F1の今季開幕戦オーストラリア・グランプリ(GP)に臨んでいるアストンマーティンが低迷している理由は天才デザイナーでもあるエイドリアン・ニューウェイ代表にあると、元ハース代表が語った。

 アストンマーティンのエイドリアン代表は6日に行われたフリー走行を振り返って開発が遅れているパワーユニット、パーツ不足などの諸問題に言及。今季から提携している日本メーカー・ホンダへの不満をぶちまけていた。専門メディア「F1 OVERSTEER」はホンダが「戦犯」とされていることもあって「AMR26は深刻な問題を抱えており、チーム状況は悪化する一方だ」と伝えた。

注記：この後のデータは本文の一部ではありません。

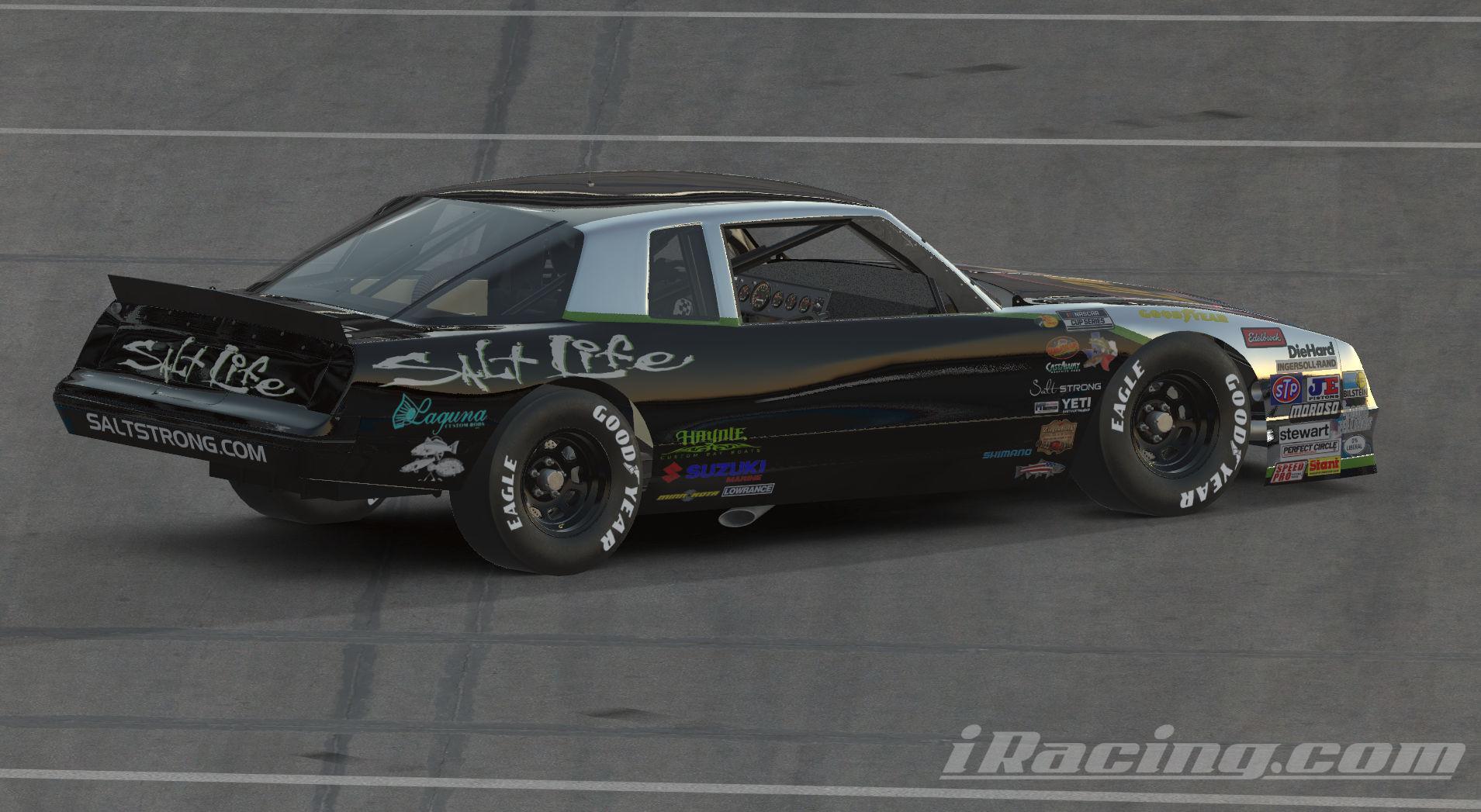 Preview of SALT LIFE Chevrolet Monte Carlo 1987 (NO NUMBERS) by Scott Van Ness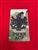 Princess of Wales's Royal Regiment King's Crown ACF WO1 MTP Combat Rank Slide
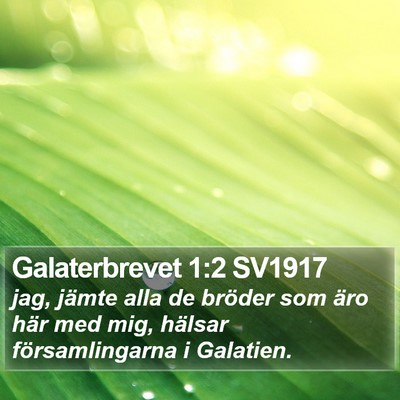 Galaterbrevet 1:2 SV1917 Bible Verse Image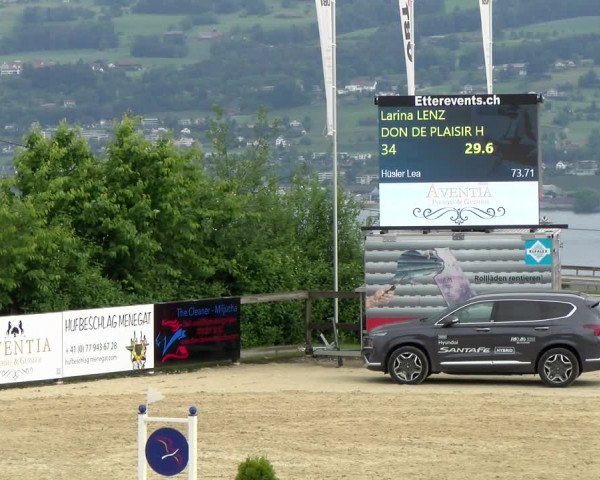 Reitturnier Wädenswil 2022
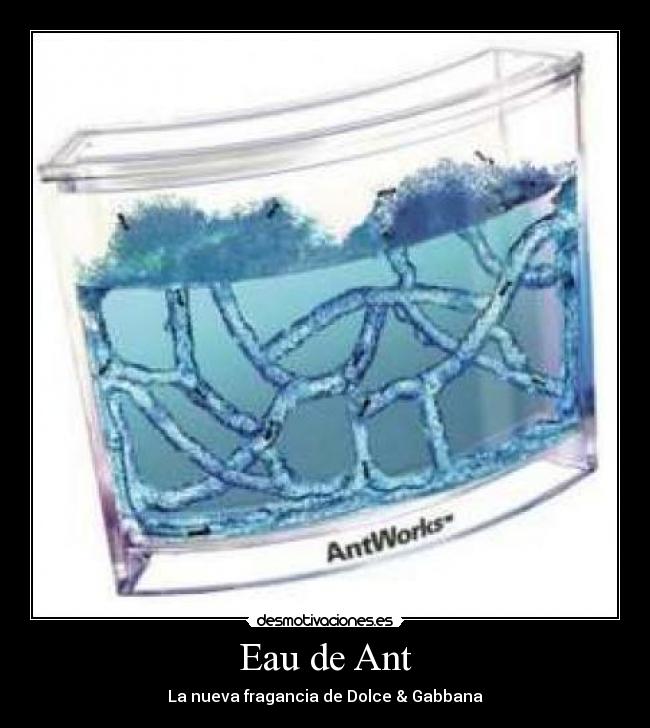 Eau de Ant - 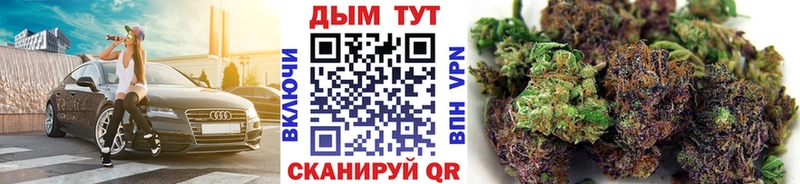 Бошки марихуана THC 21%  закладки  shop какой сайт  Великие Луки 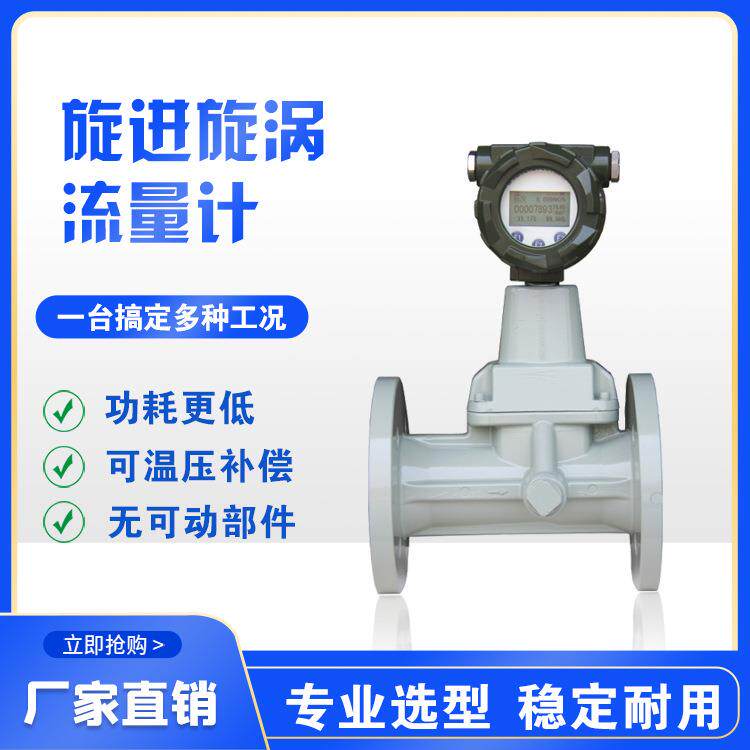 智能旋进旋涡流量计厂家防爆型抗震动煤气天然气气体旋涡流量计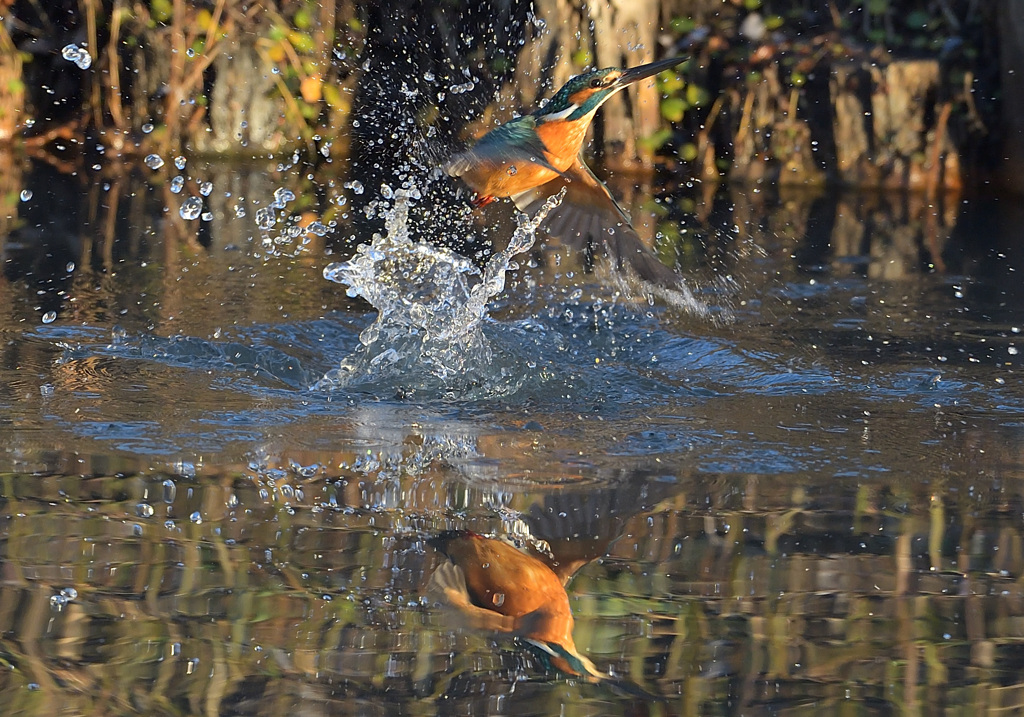 水出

 そんな中、元ハース代表のギュンター・シュタイナー氏はアストンマーティンが低迷する理由について「ニューウェイが頑張りすぎたのかもしれない」とし「鬼才」と呼ばれているデザイナーにも大きな責任があるという。今シーズンに向けて奇抜な形状として話題になっていたマシン自体が低迷の〝原因〟と見ているからだ。

「機能しないパワーユニットを持っていると、車の設計をするのは難しいが、車がひどくオーバーヒートしているという話はみんなが聞いていると思う」とし「通常はマシン、つまり空力特性にも関係する。マシンを冷却する力が弱いほどスピードは上がります。だから(空力の専門家である)エイドリアンは頑張りすぎたのかもしれない」という。

 さらに「(空力が)より大きな役割を担うことは、少しやりすぎだったかも。エイドリアンの周りには常に優秀な人材がいました。そのことを決して忘れてはいけない」と指摘。ホンダが〝無罪〟というわけではないものの、アストンマーティンとホンダはマシンを再構築できるか。